In a two page essay at the issue’s close, Gillen writes about how he wants this series to be about humans and their relationship to power. His script is a great study in how to write war fiction – things like troop movements and field equipment modifications are handled interestingly and organically, without forgetting the human element. The problem is that the main topic Gillen wants to explore isn’t really addressed in this issue. The only deeper point in Uber #0 seems to be that war is hell, but we had General Sherman to tell us that back in the 1800s. The ubers do come across as horrifyingly powerful forces of nature, but right now there’s no difference between them and a 500lb bomb dropped from a Stuka. For this to be more than an exercise in bloodiness, Gillen needs to get to the core issue better than he does here. He is, of course, totally capable of doing that.

On the art front, Canaan White was very good, on the whole. The page backgrounds are done up like bullet-riddled walls, which is an inventive touch. The action is lovingly detailed, with a few horrifying splash pages driving the nastiness home. I do have one big concern with how he draws faces. It was very hard to tell one character from the next. Trying to figure out who was talking or doing what was very difficult – a little bit of variety in the character designs would make the art mostly unassailable.

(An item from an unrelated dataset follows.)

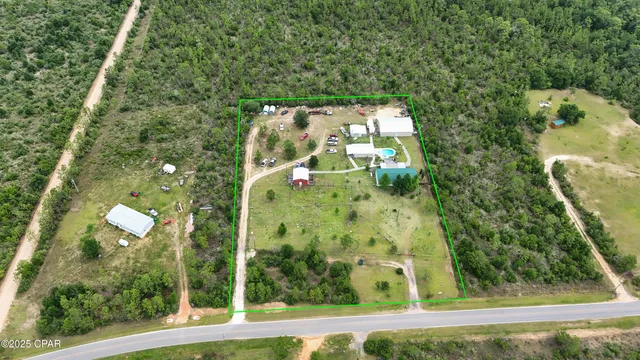 $440,000 | 490 Quail Hollow Boulevard, Chipley, FL 32428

BOTTOM LINE: A BLOODY GOOD START

In all honesty, Uber #0 is somewhat exhausting to read on the first go around. There is maybe one sympathetic character amongst the many presented in this issue (and that is being generous). The issue also suffers from a lack of distinctiveness on the part of the creators, both visually and narrative-wise. It’s hard to tell one German soldier from another, even when it’s Heinz Guderian addressing his staff – and having all the supersoldiers share similar codenames like Siegfried, Siegmund and Sieglunde is confusing. The pacing was a little clipped, with a new scene and characters every three pages or so. But then, this is a zero issue so perhaps these things are established better in future issues. And for $3.99, you get a ton of pages with no intervening ads – there’s a lot of bang for your buck, which is nice when many #0 issues are treated like throwaways. When I read it a second time, the pieces fit together a bit better, giving me a more favorable opinion. I liked Uber, but I’m hoping it can fully explore its potential. I have every hope it will. Uber #0 earns three and-a-half out of five stars. Check it out.